Ask an Expert: Determining State Residency
Dear Kirk: For individuals that split time between more than one state, how do you determine residency and the associated state/local tax implications?
Kirk Says: Every state has different requirements as it relates to residency and the need to file a state return for tax purposes. To properly determine how you should file, you should visit the government websites for the states in question.
Take note that there are nine states that do not have a state income tax: Alaska, Florida, Nevada, New Hampshire, South Dakota, Tennessee, Texas, Washington and Wyoming.
With that said, let’s look at some of the common stances states are taking on the matter.
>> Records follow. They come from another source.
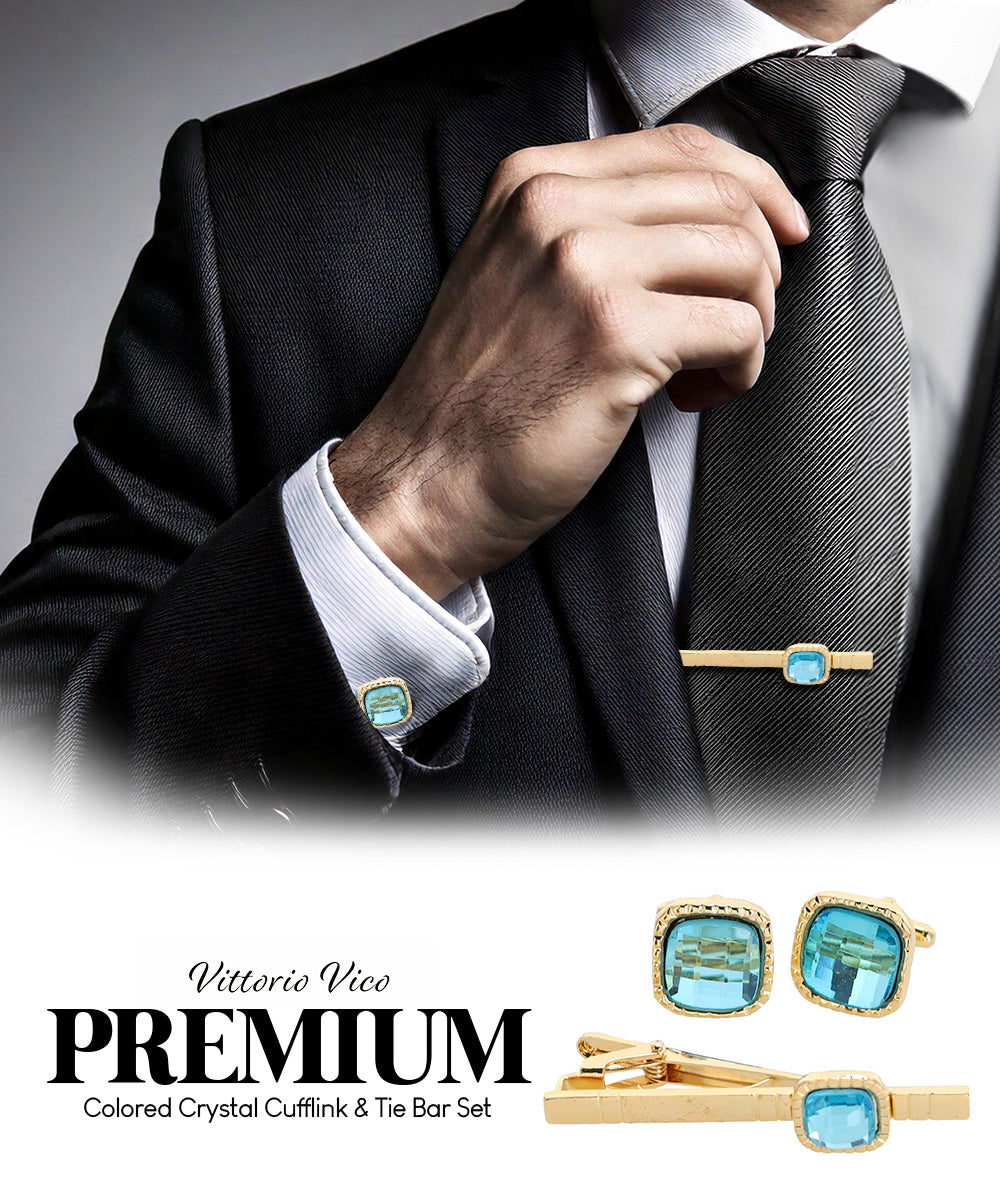 Vittorio Vico Men's Colored Crystal Cufflink &amp; Tie Bar Set in Gift Box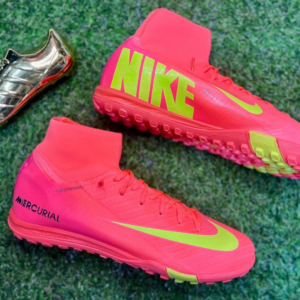 Chuteira Nike Mercurial Society Rosa Neon e Verde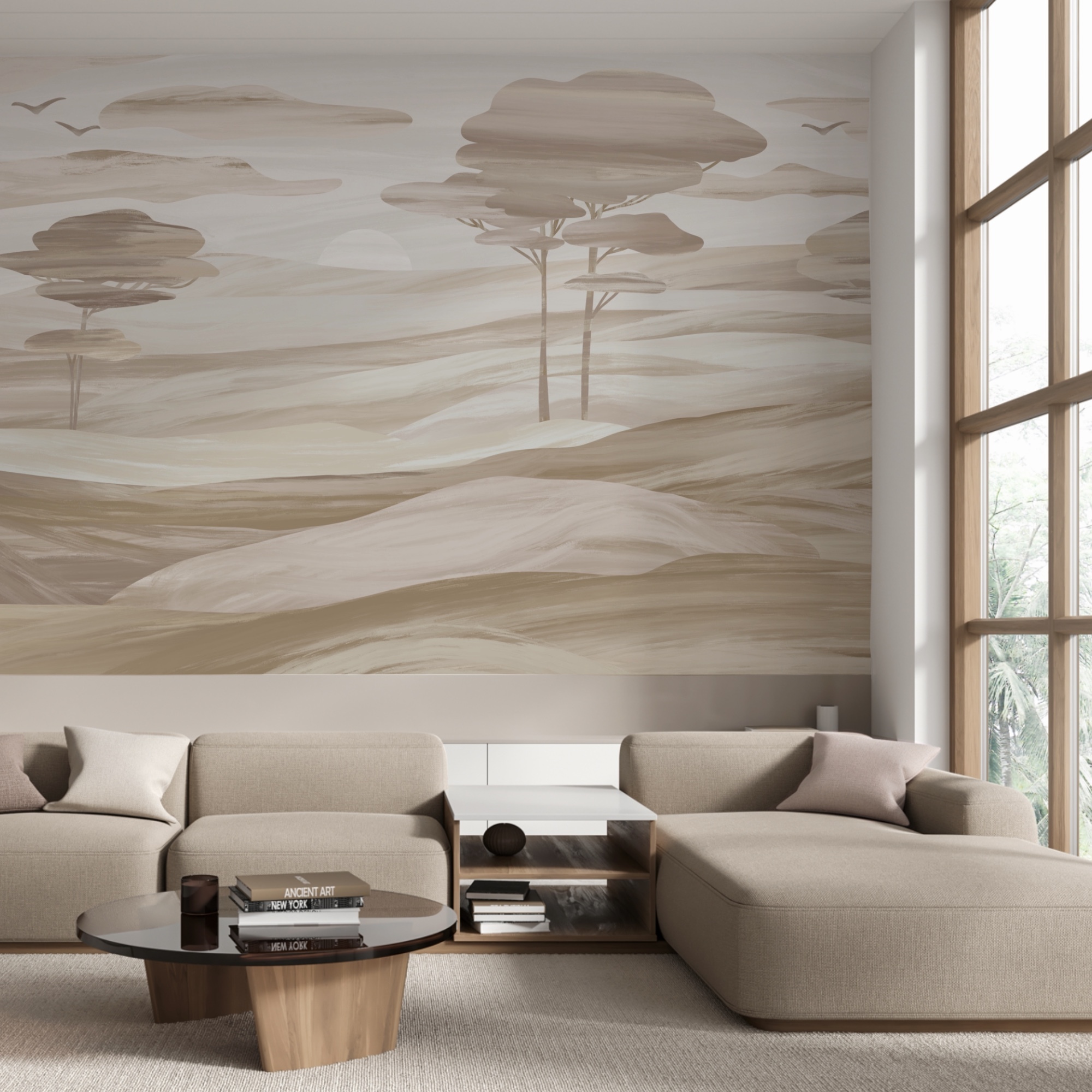 Paesaggio con alberi e colline Paesaggio con alberi e colline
When determining residency, you should start by taking a look at these indicators: where you are registered to vote, where your vehicles are registered, which state issued your driver’s license and where your kids go to school. However, some states simply look at how many days you were a resident in the state during the year.
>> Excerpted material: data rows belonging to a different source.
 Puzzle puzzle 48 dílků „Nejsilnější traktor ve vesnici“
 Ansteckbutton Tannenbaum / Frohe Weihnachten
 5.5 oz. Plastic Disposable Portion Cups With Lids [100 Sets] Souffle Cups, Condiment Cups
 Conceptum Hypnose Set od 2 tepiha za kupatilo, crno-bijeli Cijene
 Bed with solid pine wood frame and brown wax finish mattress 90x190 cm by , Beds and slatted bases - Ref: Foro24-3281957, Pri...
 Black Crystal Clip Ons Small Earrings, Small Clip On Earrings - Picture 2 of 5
Certain types of income will require filing a return in the state in which the income was earned, regardless of your physical location. Some examples: partnership in an out-of-state company, owning rental property in another state, or being a S-corp shareholder where the corporation does most of its business in another state. You will be required to calculate anapportionment schedule for the states to determine the amount you may owe in a given state, but there will be tax credit allowed in your resident state.
My recommendation here is that if this is a one-off situation where perhaps you are working on a short-term project that requires you to jump back and forth between states for a few weeks at a time, it may be worth it to get advice from a tax accountant in your resident state to determine how to handle your taxes for that given year.
However, if this is a situation that will be the norm for the foreseeable future, spend time consulting with an accountant to gain understanding of how the calculations are made so that you can handle it yourself in years to come. The peace of mind—and saving on any possible tax penalties—will be well worth the cost of the advice.